Drop the images. Copy every line below character for character.

» Information supplied
%%
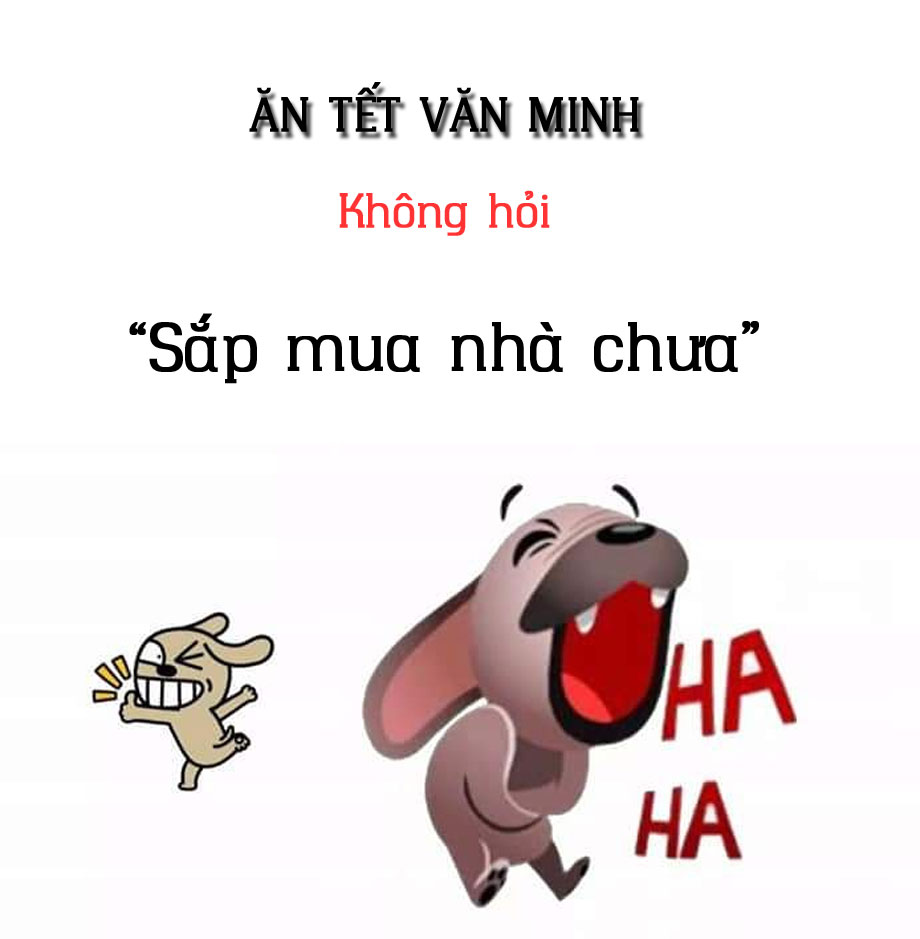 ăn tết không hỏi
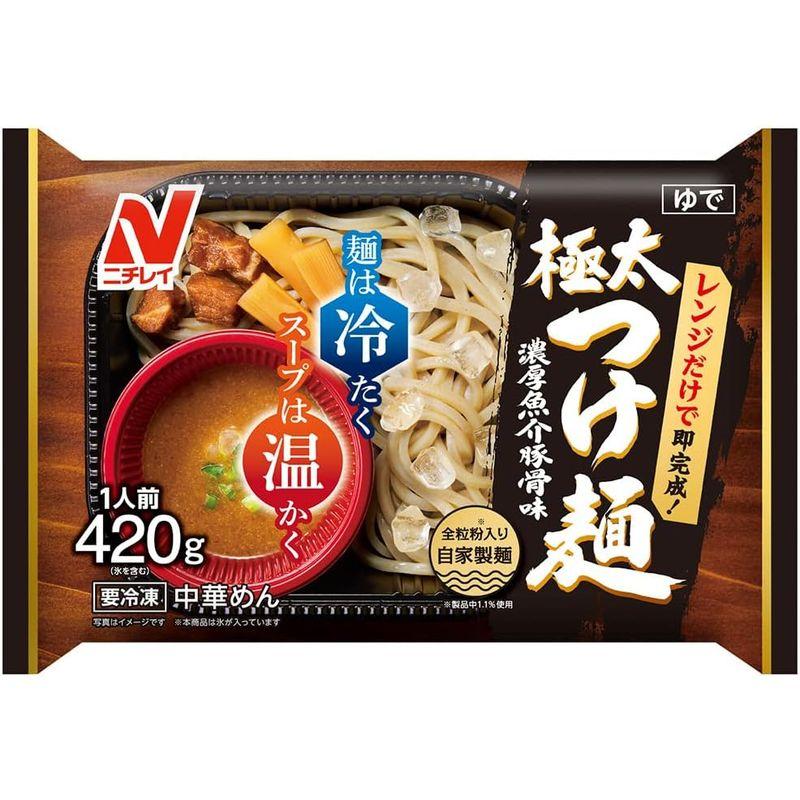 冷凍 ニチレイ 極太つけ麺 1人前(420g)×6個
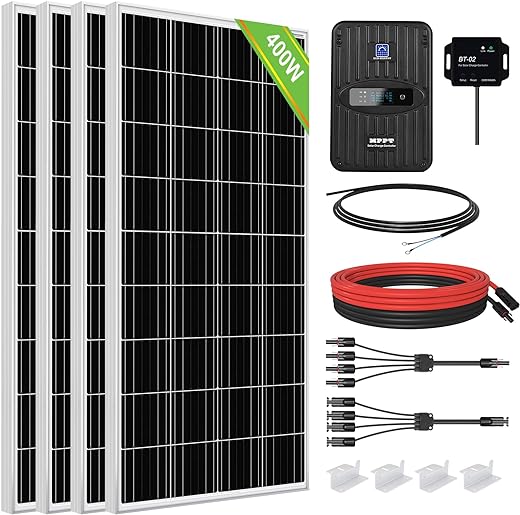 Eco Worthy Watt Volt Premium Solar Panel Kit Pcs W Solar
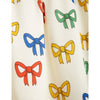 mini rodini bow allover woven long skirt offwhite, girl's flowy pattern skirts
%%
» Task response
 ăn tết không hỏi
 冷凍 ニチレイ 極太つけ麺 1人前(420g)×6個
 Eco Worthy Watt Volt Premium Solar Panel Kit Pcs W Solar
 mini rodini bow allover woven long skirt offwhite, girl's flowy pattern skirts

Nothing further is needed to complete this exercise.